Windom’s intro to manufacturing class spends six hours a week in a local manufacturing plant cycling through all the phases of the manufacturing process.  The intro to health careers spends a similar amount of time at the local hospital.

Chair Jim Davnie gaveled the committee together at 12:30 pm on the stage of “Sister Act,” the current production of the Windom Eagle Theatre Department.  The committee heard from a good mixture of students, teachers, superintendents, school board members and other leaders on the key challenges and opportunities in rural education. Highlights included:

  • Eliana Tade, senior at Windom, described falling in love with teaching first as an instructor at the Windom pool, and now in the concurrent enrollment Intro to Teaching class where she is a job shadowing 3rd grade teacher and working with the students. “When you see them grasp a concept, it’s amazing,” she said.  “As a woman of color, you don’t see very many [teachers] of my color. I hope I can be an inspiration.”
  • Parker Bramstedt, junior at Windom, talked about his experiences in the manufacturing and technical classes at Windom and how he is excited to be heading to a technical career in diesel mechanics. “We need to increase areas of CTE to students earlier in school,” he said.
  • Wormstadt testified that the 40% Ag2School bond credit was critical to passing the district’s recent school bond with 57% of the district’s value in agriculture land and encouraged the committee to look at Ag2School as a model for future equalization because it is so transparent to the taxpayer.
  • Four FFA students from Mountain Lake described their experiences in FFA and how much confidence and skills they are gaining.
  • Dawn Teerink, teacher in Worthington, described how her school has run out of space and what used to be storage spaces are small group learning spaces. “We have attempted five [bond] referendums, each one different, in an attempt to pass one… The last one failed by 17 votes.”
  • Loy Woelber described being the superintendent of three districts so each could have a full-time principal. “Staffing is always a concern… Do not let go of Tiered Licensing and Alternate Pathways.”
  • Cliff Carmody, Southwest/West Central Service Cooperative Executive Director, testified that the fastest growing student demographic is special behavior disorders. He thanked the committee for $5 million in the 2018 bonding bill to repurpose the Cosmos elementary for these students, and added “We don’t have the tools [our member districts] need in rural Minnesota to finance facilities for these students.”
  • Lee Carlson, MREA President and Windom English teacher, talked about the importance of building relationships with students to know them and teach deeply. With 170 students, many in concurrent enrollment classes, I feel I’m managing [their learning] more than deeply teaching,” he said.
  • Lyndon Olson, Worthington Board member, and Sherri Broderius, Superintendent of MACCRAY both spoke of the inequities in school facility tax burdens and difficulties to have voters approve bond referendums especially in this difficult farm economy.

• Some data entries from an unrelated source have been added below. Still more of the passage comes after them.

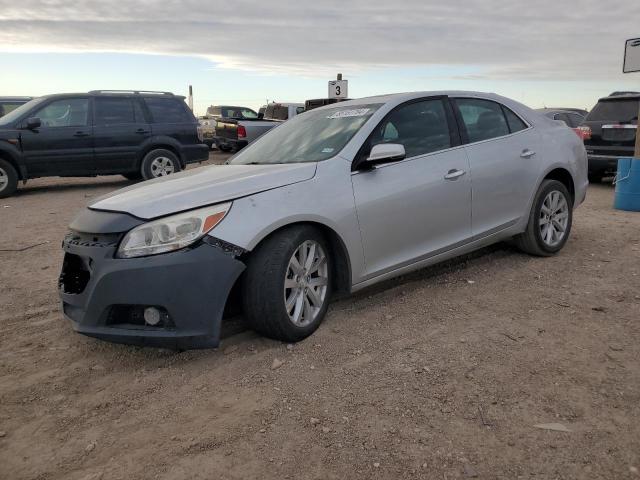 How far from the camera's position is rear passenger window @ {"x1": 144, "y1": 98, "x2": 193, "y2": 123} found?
11484mm

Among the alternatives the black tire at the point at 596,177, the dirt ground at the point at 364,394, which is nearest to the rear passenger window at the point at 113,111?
the dirt ground at the point at 364,394

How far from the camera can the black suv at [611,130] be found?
9.97 m

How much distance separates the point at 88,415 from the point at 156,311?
63cm

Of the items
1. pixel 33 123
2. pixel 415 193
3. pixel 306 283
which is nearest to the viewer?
pixel 306 283

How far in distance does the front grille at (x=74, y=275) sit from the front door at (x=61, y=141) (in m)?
7.85

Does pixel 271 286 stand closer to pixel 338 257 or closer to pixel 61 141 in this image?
pixel 338 257

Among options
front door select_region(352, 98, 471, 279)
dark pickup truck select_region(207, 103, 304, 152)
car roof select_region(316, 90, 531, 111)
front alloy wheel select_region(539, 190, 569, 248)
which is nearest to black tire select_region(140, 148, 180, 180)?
dark pickup truck select_region(207, 103, 304, 152)

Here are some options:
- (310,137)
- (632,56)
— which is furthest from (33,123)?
(632,56)

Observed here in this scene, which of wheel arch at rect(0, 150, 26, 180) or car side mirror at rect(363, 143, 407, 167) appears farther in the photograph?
wheel arch at rect(0, 150, 26, 180)

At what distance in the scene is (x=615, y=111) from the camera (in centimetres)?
1020

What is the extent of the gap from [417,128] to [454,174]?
0.46m

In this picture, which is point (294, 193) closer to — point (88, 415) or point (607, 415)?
point (88, 415)

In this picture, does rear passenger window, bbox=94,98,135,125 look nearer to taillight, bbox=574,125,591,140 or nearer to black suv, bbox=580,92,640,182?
taillight, bbox=574,125,591,140

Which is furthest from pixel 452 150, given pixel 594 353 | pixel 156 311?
pixel 156 311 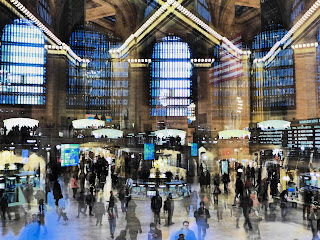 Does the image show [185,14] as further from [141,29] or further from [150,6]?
[141,29]

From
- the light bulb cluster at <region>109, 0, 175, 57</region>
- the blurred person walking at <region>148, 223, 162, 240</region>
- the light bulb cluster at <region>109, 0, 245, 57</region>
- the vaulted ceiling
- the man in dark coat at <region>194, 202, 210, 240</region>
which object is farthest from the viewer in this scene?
the vaulted ceiling

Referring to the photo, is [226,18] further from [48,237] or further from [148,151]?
[48,237]

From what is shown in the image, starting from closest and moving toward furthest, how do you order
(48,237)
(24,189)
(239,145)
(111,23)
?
(48,237), (24,189), (239,145), (111,23)

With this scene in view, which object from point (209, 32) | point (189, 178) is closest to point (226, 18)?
point (209, 32)

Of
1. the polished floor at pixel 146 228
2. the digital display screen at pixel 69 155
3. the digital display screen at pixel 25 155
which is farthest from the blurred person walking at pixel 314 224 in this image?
the digital display screen at pixel 25 155

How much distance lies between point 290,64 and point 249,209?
1620 inches

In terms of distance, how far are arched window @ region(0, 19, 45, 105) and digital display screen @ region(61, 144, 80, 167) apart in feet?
104

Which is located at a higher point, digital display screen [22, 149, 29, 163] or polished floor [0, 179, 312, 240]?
digital display screen [22, 149, 29, 163]

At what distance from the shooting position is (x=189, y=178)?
23000mm

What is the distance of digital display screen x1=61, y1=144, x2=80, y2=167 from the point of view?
17156 millimetres

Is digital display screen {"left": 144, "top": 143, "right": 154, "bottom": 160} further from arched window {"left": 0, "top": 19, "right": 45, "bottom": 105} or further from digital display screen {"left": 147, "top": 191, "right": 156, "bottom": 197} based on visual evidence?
arched window {"left": 0, "top": 19, "right": 45, "bottom": 105}

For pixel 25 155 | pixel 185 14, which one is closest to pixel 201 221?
pixel 25 155

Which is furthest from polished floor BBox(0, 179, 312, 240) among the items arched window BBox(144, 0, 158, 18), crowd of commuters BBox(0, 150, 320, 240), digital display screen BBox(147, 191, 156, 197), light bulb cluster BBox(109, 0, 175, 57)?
arched window BBox(144, 0, 158, 18)

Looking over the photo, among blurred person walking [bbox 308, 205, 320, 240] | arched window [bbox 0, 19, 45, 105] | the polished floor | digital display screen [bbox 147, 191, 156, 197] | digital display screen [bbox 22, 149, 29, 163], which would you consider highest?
arched window [bbox 0, 19, 45, 105] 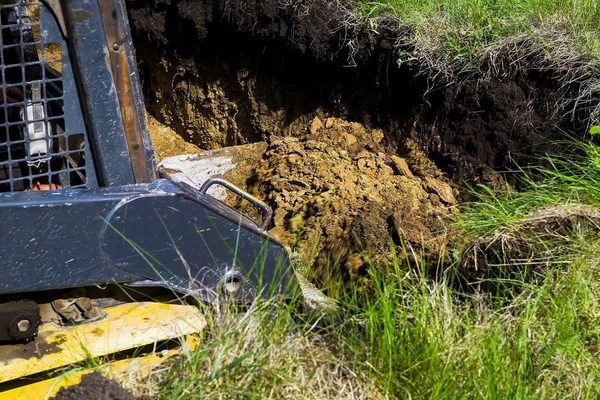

The hearing concluded with the planned introductions of HF 1143 (Huot) and HF 1142 (Tabke), which increase the equalization factors in the current formulas for operating referendum revenue and voter approved bond referendum debt service payments. Brad Lundell, Executive Director of Schools for Equity in Education (SEE), testified briefly to explain how the bills worked. Both bills were sent on their way to the House Tax Committee.

With many “thanks” all around, especially to Committee Administrator Sarah Burt and Superintendent Wormstadt, for making all this possible, the committee members boarded their bus back to the Capitol as students boarded theirs to homes and farms, and section wrestling weigh-ins began.